Service ( ObservationsService ) tns="http://client.ws.shc.gc.ca"
   Prefixes (3)
      ns0 = "http://client.ws.shc.gc.ca"
      ns1 = "http://schemas.xmlsoap.org/soap/encoding/"
      ns2 = "http://wds.dfo.gc.ca"
   Ports (1):
      (observations)
         Methods (13):
            getBoundaryDate()
            getBoundaryDepth()
            getBoundarySpatial()
            getDataInfo()
            getInfo()
            getLocalizedString(xs:string in0, ArrayOf_xsd_anyType in1)
            getMetadata()
            getMetadataInfo()
            getName()
            getResourceBundle()
            getStatus()
            getVersion()
            search(xs:string dataName, xs:double latitudeMin, xs:double latitudeMax, xs:double longitudeMin, xs:double longitudeMax, xs:double depthMin, xs:double depthMax, xs:string dateMin, xs:string dateMax, xs:int start, xs:int sizeMax, xs:boolean metadata, xs:string metadataSelection, xs:string 

Now we can ask the service to tell us about the data it has available:

In [4]:
client.service.getDataInfo()

[(Metadata){
    name = "wl"
    value = "Water levels at the SINECO stations"
  }, (Metadata){
    name = "sal"
    value = "Salinity at the SINECO stations"
  }, (Metadata){
    name = "temp"
    value = "Temperature at the SINECO stations"
  }, (Metadata){
    name = "atm_pres"
    value = "Atmospheric pressure at the SINECO stations"
  }]

**Spoiler Alert:** The salinity, temperature, and atmospheric pressure data items look exciting
but it turns out that they are not available for the BC stations :-(

We can also ask the service for its metadata:

In [5]:
metadata = client.service.getMetadata()
print(metadata)

[(Metadata){
   name = "station_id_list"
   value = "01970,02330,02780,02985,03057,03075,03100,03110,03248,03280,03300,03335,03345,03353,03360,03365,03424,07277,07594,07654,07735,07786,07917,08408,08976,09338,09341,09348,09354,09850,15330,15520,15540,15660,15780,15930,15975,16005"
 }, (Metadata){
   name = "station_id_position"
   value = "[01970,47.378861,-61.857293][02330,48.997,-64.3805][02780,50.194833,-66.376833][02985,48.478333,-68.513667][03057,47.448833,-70.3655][03075,47.0895,-70.710833][03100,46.9965,-70.808167][03110,46.858167,-71.003333][03248,46.811111,-71.201944][03280,46.6965,-71.572833][03300,46.68116667,-71.877167][03335,46.561,-72.105833][03345,46.500333,-72.245833][03353,46.400333,-72.3795][03360,46.3405,-72.539167][03365,46.2725,-72.619333][03424,48.126333,-69.72975][07277,48.653601,-123.451646][07594,49.105896,-123.303368][07654,49.200077,-122.910377][07735,49.289554,-123.107339][07786,49.340556,-123.231978][07917,49.162788,-123.923523][08408,50.722505,-127.488214]

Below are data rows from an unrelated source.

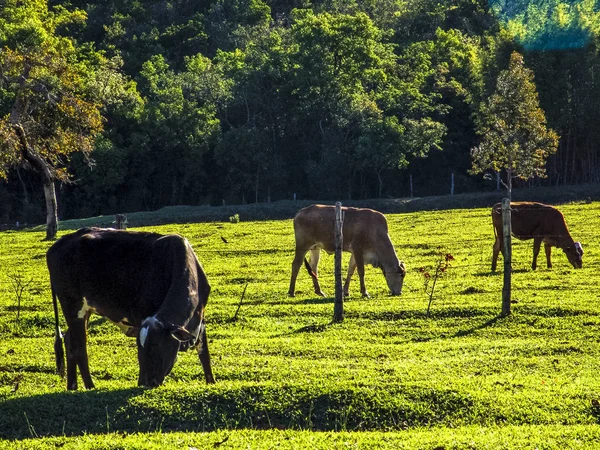 Αγελάδα Γαλακτοπαραγωγής Βοσκότοπους Στη Βραζιλία — Φωτογραφία Αρχείου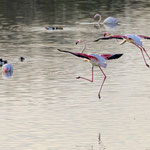 Rosaflamingo, Greater Flamingo, Phoenicopterus ruber, Cyprus, Larnacs - Oroklini Lake, Februar 2018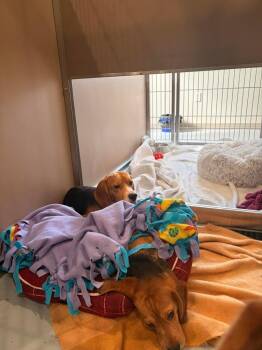B10 Markie -  Beagle Dog for Adoption in Ashland, Wisconsin - B10 Markie | PetCurious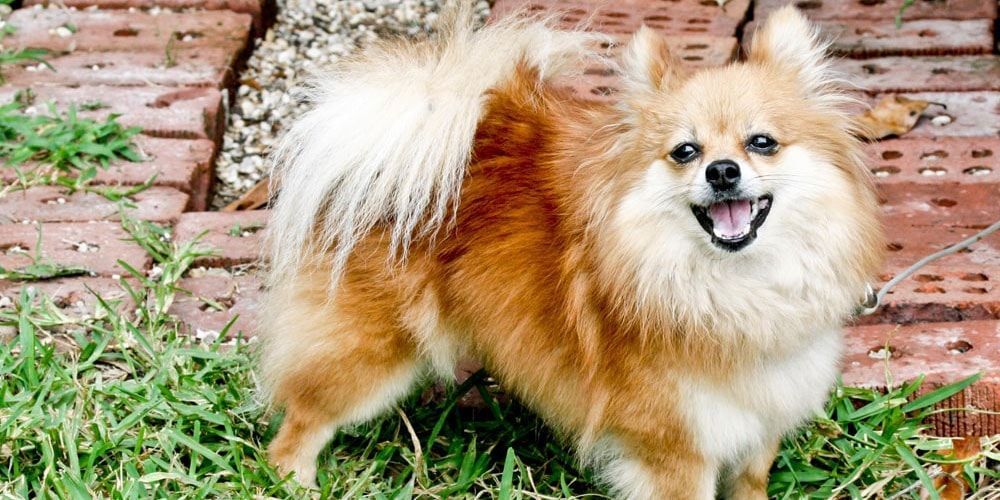 pomerania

`getMetadata()` returns a list of `Metadata` objects,
each of which has `name` and `value` attributes.

Let's summarize the metadata down to each `Metadata` object's
index in the list, and its `name`:

In [6]:
for index, item in enumerate(metadata):
    print(index, item.name)

0 station_id_list
1 station_id_position
2 contact
3 language
4 name
5 abstract
6 reference_date
7 station_id_name_list
8 metadata_selection_accepted
9 max_rows
10 total_nbr_obs


Now let's extract the station ids and names of the BC stations:

In [8]:
from collections import namedtuple

Station = namedtuple('Station', 'id, name')

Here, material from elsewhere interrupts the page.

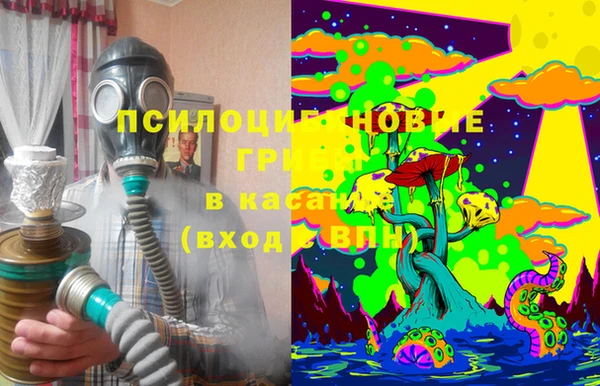 спайс Няндома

stn_id_names = metadata[7]
bc_stns = [stn for stn in stn_id_names.value[1:-1].split('][') if '(BC)' in stn]
print(bc_stns)
stns = [Station(stn.split(';;')[0], stn.split(';;')[1][:-5]) for stn in bc_stns]
stns

['07277;;Patricia Bay (BC)', '07594;;SandHeads (BC)', '07654;;New Westminster (BC)', '07735;;Vancouver (BC)', '07786;;Sandy Cove (BC)', '07917;;Port of Nanaimo (BC)', '08408;;Port Hardy 8310 (BC)', '08976;;Bella Bella (BC)', '09338;;PRPA - Aero Trading (BC)', '09341;;Porpoise Channel East (BC)', '09348;;PRPA - Fairview Terminal (BC)', '09354;;Prince Rupert (BC)', '09850;;Queen Charlotte City (BC)']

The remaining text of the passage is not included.